Task input
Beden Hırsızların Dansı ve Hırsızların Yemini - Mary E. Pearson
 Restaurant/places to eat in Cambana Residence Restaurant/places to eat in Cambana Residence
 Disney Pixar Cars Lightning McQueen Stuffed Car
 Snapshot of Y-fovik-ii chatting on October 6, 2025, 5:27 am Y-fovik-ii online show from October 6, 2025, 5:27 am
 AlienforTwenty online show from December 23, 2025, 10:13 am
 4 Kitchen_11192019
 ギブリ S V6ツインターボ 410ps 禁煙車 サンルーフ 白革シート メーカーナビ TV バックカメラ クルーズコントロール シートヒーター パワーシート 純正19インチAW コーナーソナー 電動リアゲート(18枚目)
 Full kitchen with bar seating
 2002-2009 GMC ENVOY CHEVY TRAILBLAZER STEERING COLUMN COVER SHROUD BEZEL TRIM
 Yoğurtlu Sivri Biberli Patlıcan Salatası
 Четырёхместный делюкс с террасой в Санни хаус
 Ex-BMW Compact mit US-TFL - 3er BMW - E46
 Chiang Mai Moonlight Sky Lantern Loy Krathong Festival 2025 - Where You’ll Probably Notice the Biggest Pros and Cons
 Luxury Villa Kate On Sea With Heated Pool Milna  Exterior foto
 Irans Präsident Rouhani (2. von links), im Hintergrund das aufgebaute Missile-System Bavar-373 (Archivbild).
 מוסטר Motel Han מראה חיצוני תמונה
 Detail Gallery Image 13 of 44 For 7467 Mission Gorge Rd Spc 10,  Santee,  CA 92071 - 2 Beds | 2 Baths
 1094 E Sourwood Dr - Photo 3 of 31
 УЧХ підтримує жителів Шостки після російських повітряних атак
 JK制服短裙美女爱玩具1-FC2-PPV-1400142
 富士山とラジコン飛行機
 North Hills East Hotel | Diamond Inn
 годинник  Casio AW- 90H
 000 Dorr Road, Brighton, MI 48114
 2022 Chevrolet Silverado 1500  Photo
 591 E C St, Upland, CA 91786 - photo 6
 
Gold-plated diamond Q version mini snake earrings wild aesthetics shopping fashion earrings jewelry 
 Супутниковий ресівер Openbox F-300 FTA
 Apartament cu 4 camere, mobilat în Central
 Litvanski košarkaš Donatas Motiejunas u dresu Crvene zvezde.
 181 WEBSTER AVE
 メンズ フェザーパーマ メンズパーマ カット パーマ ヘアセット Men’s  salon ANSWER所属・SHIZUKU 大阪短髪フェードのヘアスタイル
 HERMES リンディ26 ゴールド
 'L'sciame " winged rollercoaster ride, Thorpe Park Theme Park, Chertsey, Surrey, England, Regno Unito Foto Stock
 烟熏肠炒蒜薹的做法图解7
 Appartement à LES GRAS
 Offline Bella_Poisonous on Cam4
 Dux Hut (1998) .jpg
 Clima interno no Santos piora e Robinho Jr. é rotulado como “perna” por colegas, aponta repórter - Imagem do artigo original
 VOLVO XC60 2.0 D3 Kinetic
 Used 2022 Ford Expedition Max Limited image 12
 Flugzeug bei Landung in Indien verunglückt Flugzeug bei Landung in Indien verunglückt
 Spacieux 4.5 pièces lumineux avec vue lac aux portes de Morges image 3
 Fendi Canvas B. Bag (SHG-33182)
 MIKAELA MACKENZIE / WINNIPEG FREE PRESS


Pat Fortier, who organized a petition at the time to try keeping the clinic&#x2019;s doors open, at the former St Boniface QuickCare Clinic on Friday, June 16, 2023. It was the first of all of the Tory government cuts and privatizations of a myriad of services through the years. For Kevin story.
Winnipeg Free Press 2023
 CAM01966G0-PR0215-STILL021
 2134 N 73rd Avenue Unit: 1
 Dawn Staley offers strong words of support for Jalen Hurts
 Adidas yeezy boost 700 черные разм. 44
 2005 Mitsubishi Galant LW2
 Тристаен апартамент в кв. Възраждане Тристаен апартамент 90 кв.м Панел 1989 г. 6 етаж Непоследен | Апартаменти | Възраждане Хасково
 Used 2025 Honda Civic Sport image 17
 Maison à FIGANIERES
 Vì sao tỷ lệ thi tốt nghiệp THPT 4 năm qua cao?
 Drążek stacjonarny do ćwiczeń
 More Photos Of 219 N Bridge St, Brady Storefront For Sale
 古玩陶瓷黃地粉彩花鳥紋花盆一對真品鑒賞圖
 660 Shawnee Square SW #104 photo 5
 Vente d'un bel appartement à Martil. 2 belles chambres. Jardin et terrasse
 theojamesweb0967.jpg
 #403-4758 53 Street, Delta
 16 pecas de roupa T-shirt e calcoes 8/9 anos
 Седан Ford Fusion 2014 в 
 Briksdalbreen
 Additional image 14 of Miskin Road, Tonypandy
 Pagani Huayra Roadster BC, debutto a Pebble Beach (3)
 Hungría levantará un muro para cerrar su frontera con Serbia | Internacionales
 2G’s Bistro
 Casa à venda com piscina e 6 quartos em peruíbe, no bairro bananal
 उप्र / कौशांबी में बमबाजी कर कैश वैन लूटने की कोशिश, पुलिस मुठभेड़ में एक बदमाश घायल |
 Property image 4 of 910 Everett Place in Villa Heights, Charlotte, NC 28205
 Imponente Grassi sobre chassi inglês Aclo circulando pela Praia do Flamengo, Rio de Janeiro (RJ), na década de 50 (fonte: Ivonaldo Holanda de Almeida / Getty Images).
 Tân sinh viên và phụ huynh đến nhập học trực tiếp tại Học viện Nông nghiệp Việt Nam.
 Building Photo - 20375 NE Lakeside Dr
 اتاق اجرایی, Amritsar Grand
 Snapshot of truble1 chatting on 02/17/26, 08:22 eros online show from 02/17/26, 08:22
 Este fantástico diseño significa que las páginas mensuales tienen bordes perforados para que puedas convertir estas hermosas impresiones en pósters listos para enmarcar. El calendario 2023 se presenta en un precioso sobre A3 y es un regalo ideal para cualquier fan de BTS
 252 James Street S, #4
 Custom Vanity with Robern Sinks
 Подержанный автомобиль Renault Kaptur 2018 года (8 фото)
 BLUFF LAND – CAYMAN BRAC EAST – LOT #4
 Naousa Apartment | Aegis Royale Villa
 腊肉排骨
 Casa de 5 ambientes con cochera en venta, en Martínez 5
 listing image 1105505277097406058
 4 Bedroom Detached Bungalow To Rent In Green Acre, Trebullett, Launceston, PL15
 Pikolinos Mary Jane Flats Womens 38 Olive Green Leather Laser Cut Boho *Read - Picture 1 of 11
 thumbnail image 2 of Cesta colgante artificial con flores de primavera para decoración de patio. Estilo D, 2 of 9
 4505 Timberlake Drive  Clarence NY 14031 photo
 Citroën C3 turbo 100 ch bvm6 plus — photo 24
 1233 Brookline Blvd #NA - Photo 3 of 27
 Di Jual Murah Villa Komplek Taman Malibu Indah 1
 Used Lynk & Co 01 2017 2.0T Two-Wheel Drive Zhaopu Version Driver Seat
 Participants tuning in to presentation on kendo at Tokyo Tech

Brief
Would you print exactly the lines from the first line of the entries above through the line that has "Full kitchen with bar seating", both included, and stop there?

Solution to this exercise
Beden Hırsızların Dansı ve Hırsızların Yemini - Mary E. Pearson
 Restaurant/places to eat in Cambana Residence Restaurant/places to eat in Cambana Residence
 Disney Pixar Cars Lightning McQueen Stuffed Car
 Snapshot of Y-fovik-ii chatting on October 6, 2025, 5:27 am Y-fovik-ii online show from October 6, 2025, 5:27 am
 AlienforTwenty online show from December 23, 2025, 10:13 am
 4 Kitchen_11192019
 ギブリ S V6ツインターボ 410ps 禁煙車 サンルーフ 白革シート メーカーナビ TV バックカメラ クルーズコントロール シートヒーター パワーシート 純正19インチAW コーナーソナー 電動リアゲート(18枚目)
 Full kitchen with bar seating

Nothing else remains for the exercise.